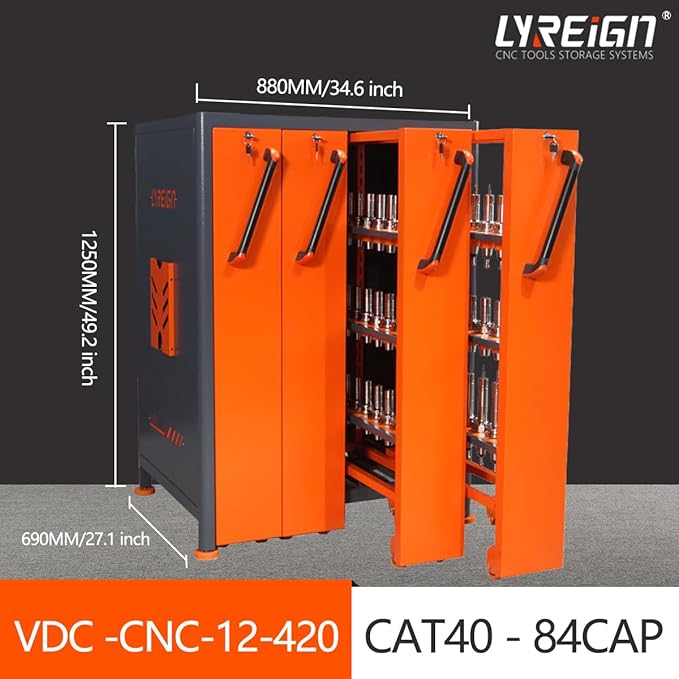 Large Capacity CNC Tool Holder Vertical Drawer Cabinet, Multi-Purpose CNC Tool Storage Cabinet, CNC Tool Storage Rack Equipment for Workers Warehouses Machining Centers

--- --- ---

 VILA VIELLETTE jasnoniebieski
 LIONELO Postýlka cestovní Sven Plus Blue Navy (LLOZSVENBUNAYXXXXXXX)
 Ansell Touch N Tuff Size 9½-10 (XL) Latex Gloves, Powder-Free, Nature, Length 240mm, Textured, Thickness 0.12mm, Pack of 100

--- --- ---

Work instructions: From the data above, output exactly the lines between the one containing "VILA VIELLETTE jasnoniebieski" and the one containing "Ansell Touch N", counting both of them.

Response area:
 VILA VIELLETTE jasnoniebieski
 LIONELO Postýlka cestovní Sven Plus Blue Navy (LLOZSVENBUNAYXXXXXXX)
 Ansell Touch N Tuff Size 9½-10 (XL) Latex Gloves, Powder-Free, Nature, Length 240mm, Textured, Thickness 0.12mm, Pack of 100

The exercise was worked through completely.